YOUR TASK: An exact copy is required of every line from the one with "Gifts for Parents-to-Be" through the end of the data below, and the pictures must stay out of it.

GIVEN INFORMATION:

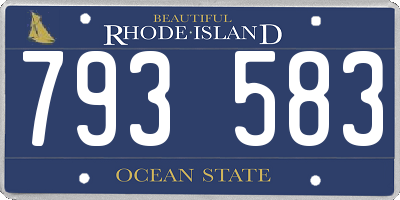 RI license plate 793583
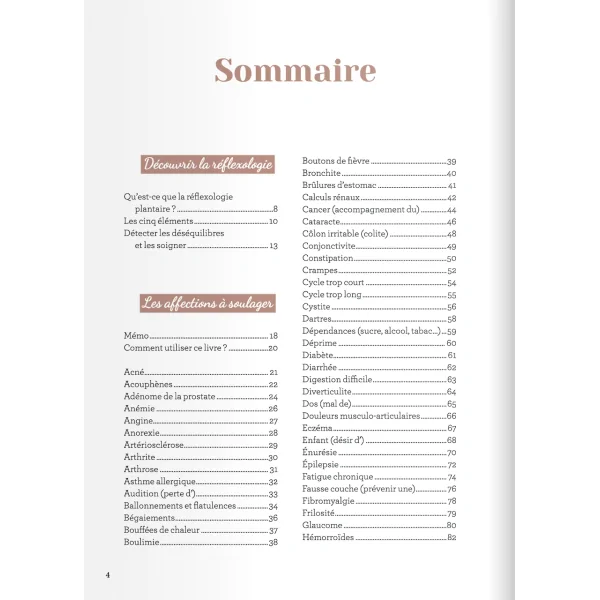 Mon manuel de réflexologie plantaire - sommaire 1 | Dans les Yeux de Gaïa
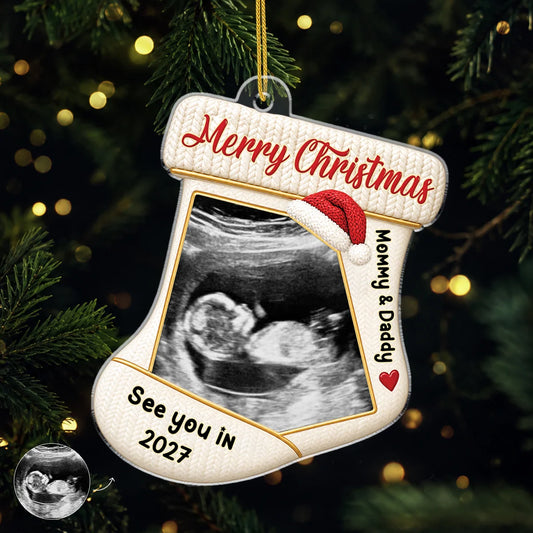 "See You In 2027" Custom Ultrasound Baby Photo Christmas Stocking Acrylic Ornament - Personalized Gifts for Parents-to-Be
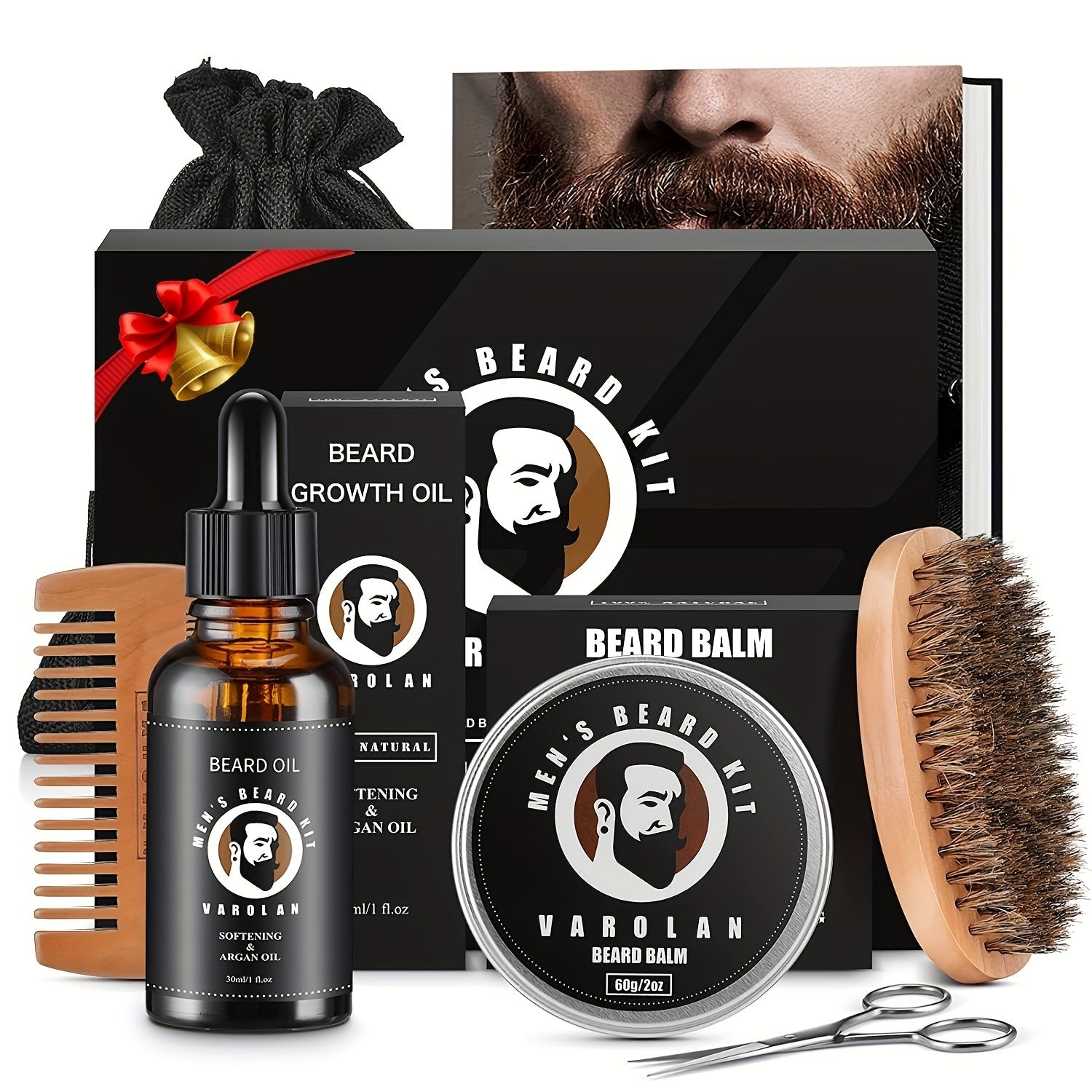 Men's beard care kit with beard oil, balm, brush, and scissors on a white background.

YOUR RESPONSE:
 "See You In 2027" Custom Ultrasound Baby Photo Christmas Stocking Acrylic Ornament - Personalized Gifts for Parents-to-Be
 Men's beard care kit with beard oil, balm, brush, and scissors on a white background.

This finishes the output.